Analogous causes led to analogous conditions in Roumania’s western neighbour, Servia. Under Ottoman rule the lot of the Jew in that country differed little from that of his Christian fellow-slave. The Mohammedan theocracy recognises no rights except those of the true believers. Both Jews and Christians, inasmuch as they refuse to accept the latest addition to the revealed Word of God, are outside the pale of citizenship. But, on the whole, the Jews, thanks to their pacific disposition and lack of political aspirations, as well as to the closer resemblance between the Mosaic and the Mohammedan forms of worship, suffered less than the Christian rayahs from Turkish oppression. The emancipation of the province, while rescuing the Christian from ignominy, condemned the Jew to an even worse fate. Under the Turk the Jew was at least allowed the congenial privilege of buying and selling, whereas under the Christian even that consolation was denied to him. In Servia, by a curious dispensation of constitutional legislation, the very opposite to the one prevailing amongst us before 1858, the Jews, while forbidden the most elementary rights of citizenship, were theoretically eligible to the highest offices in the state. According to Servian law, a Jew could be a Prime Minister, but not a grocer. He might make laws for others, but could not appeal to them for his own protection. This Gilbertian state of things had attracted the attention of the friends of Israel abroad, and for many years successive representatives of Great Britain and of other Western Powers at Belgrade, spurred by the Jewish charitable associations, had endeavoured to induce the Servians to grant to the Jews the necessaries, as well as the luxuries, of existence. In 1875 the Servians, no longer able to resist the pressure of Europe, proceeded to show their liberality by electing a Jew to the Skuptchina. But the European Powers declined to be deluded by this clever display of legerdemain. Our own Foreign Office, besides steps taken directly at Belgrade, made an effort to enlist Prince Bismarck’s and Prince Gortchakoff’s powerful influence on behalf of the Servian Israelites. The effort was, of course, unsuccessful. The German Chancellor cared nothing for the Jews, and his Russian colleague less than nothing.[209]

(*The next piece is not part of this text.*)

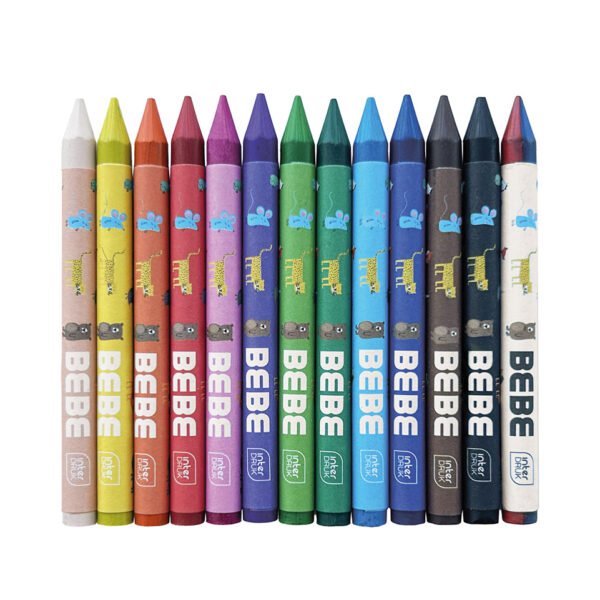 Kredki grafionowe 12 kolorów + BB kredka - obrazek 3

Meanwhile similar remonstrances were made, and similar results obtained, at Bucharest, until the Congress of Berlin in 1878 afforded the champions of the Jews and justice an opportunity of forcing upon the Roumanians the counsels of toleration to which they had hitherto refused to listen.[210] Among these champions none was more staunch than Lord Beaconsfield. It was the one subject on which the Commander of the Tories out-whigged the most advanced of Whigs. Even Gladstone in the most radical period of his career pronounced Disraeli on the Jewish Question “much more than rational, he was fanatical.”[211] Though baptized at the age of twelve, Disraeli remained a genuine and loyal son of Israel. While as a British statesman of a certain school he opposed Gladstone’s campaign on behalf of the Eastern Christians in 1876, as a Jew he was working heart and soul on behalf of the Eastern Jews. He also was consistent. By the aid of M. Waddington, the French Delegate at the Congress of Berlin, and his own diplomatic adroitness, Disraeli succeeded in gaining over Prince Bismarck and, through him, in overcoming the good Emperor William’s conscientious scruples about the propriety of treating Eastern Jews as if they were Christians. And so it came to pass that by Art. 44 of the Treaty of Berlin the recognition of Roumanian Independence was made conditional upon the abolition of all religious disabilities in the Danubian principalities.

What followed might have supplied valuable material to Aristophanes. To the stipulation of the Treaty the Roumanians returned the astounding answer that “there was no such thing as a Roumanian Jew.” This calm denial of the existence of more than a quarter of a million of human beings failed to satisfy the signatories to the Treaty. Thereupon the Roumanians lifted up their voices and, with remarkable lack of sense of the ludicrous, protested against the “iniquity” of being forced to admit the Jews to the rights of Roumanian citizenship, solemnly declaring that the Russian or even the Turkish yoke was preferable to this grievous condition. The chief reasons brought forward by Roumanian politicians in justification of their attitude in 1878, and since that date re-echoed even in this country by apologists of Roumanian bigotry, were based upon grounds of national sentimentality. It was urged that it is contrary to Roumanian traditions to admit to political equality any one who is not of pure Roumanian blood; that the preservation of the purity of their race has ever been the chief concern of the Roumanians; and that the accident of being born on Roumanian soil does not constitute a title to the status of Roumanian citizenship.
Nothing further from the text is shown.